#### [EXERCISE AIM]
Begin with the line below holding "image for item" and go on through the line holding "طرز تهیه خورشت", duplicating each line exactly and leaving out pictures.
··· PROVIDED DATA
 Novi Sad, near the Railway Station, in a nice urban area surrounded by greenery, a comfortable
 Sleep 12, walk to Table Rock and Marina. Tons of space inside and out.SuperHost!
······
··· PROVIDED DATA
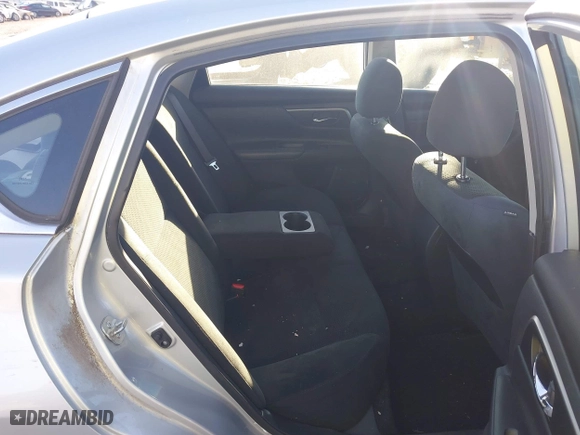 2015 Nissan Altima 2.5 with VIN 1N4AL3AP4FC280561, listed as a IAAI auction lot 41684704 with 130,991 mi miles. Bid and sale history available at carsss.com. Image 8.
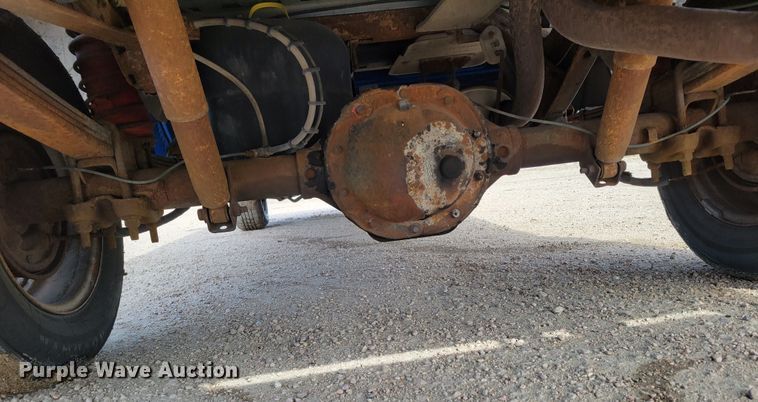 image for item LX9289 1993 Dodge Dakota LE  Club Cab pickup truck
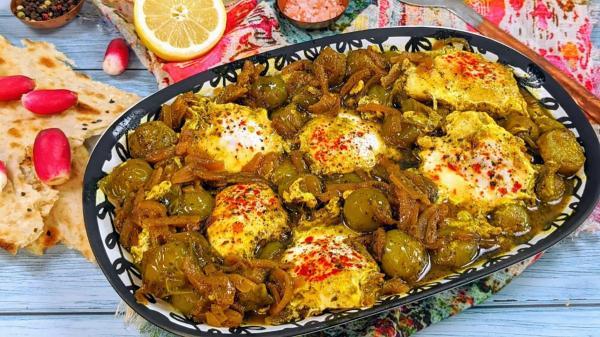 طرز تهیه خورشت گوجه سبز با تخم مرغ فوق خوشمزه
······
··· PROVIDED DATA
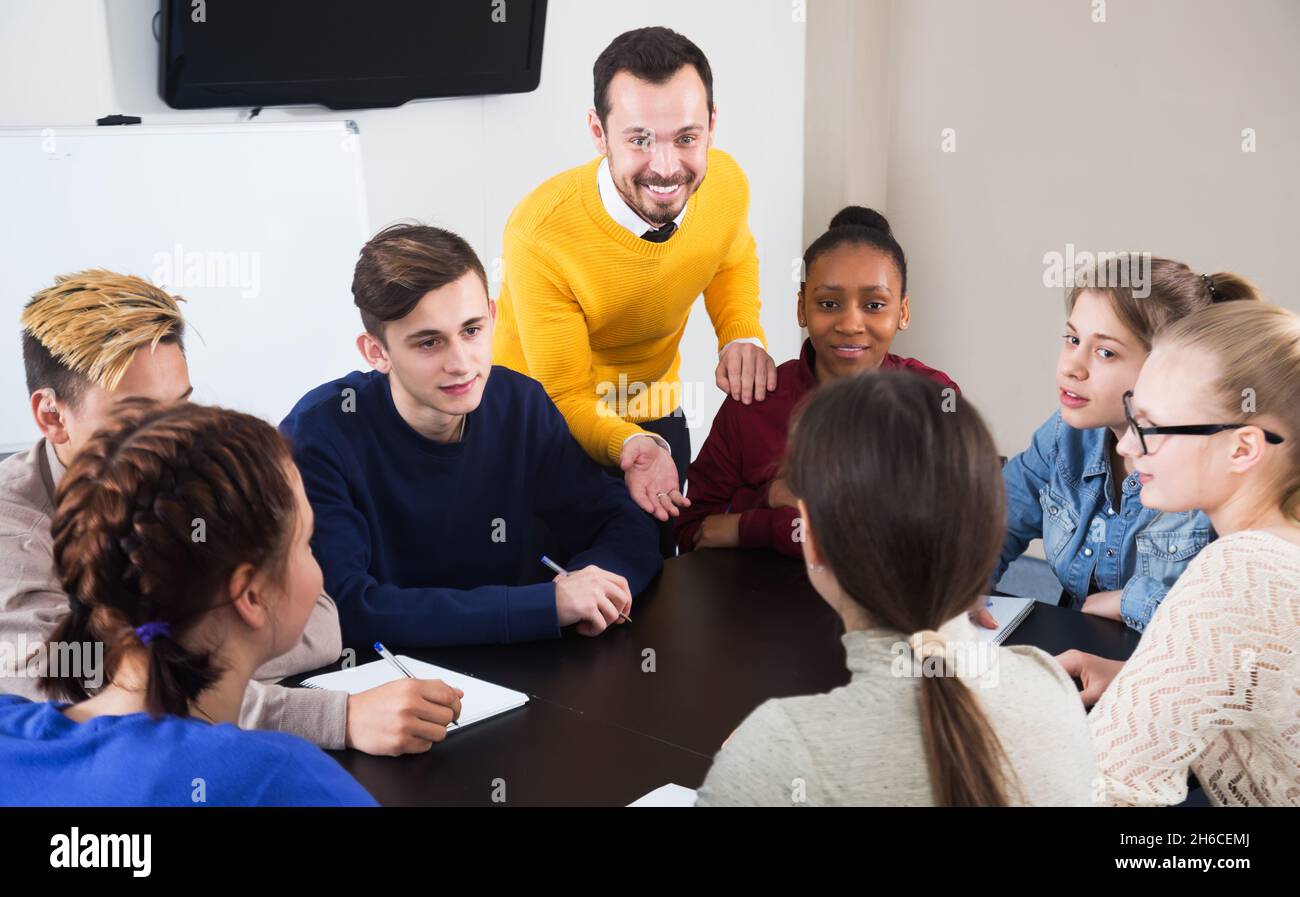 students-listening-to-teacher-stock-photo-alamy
······
#### [REPLY TO THE EXERCISE]
 image for item LX9289 1993 Dodge Dakota LE  Club Cab pickup truck
 طرز تهیه خورشت گوجه سبز با تخم مرغ فوق خوشمزه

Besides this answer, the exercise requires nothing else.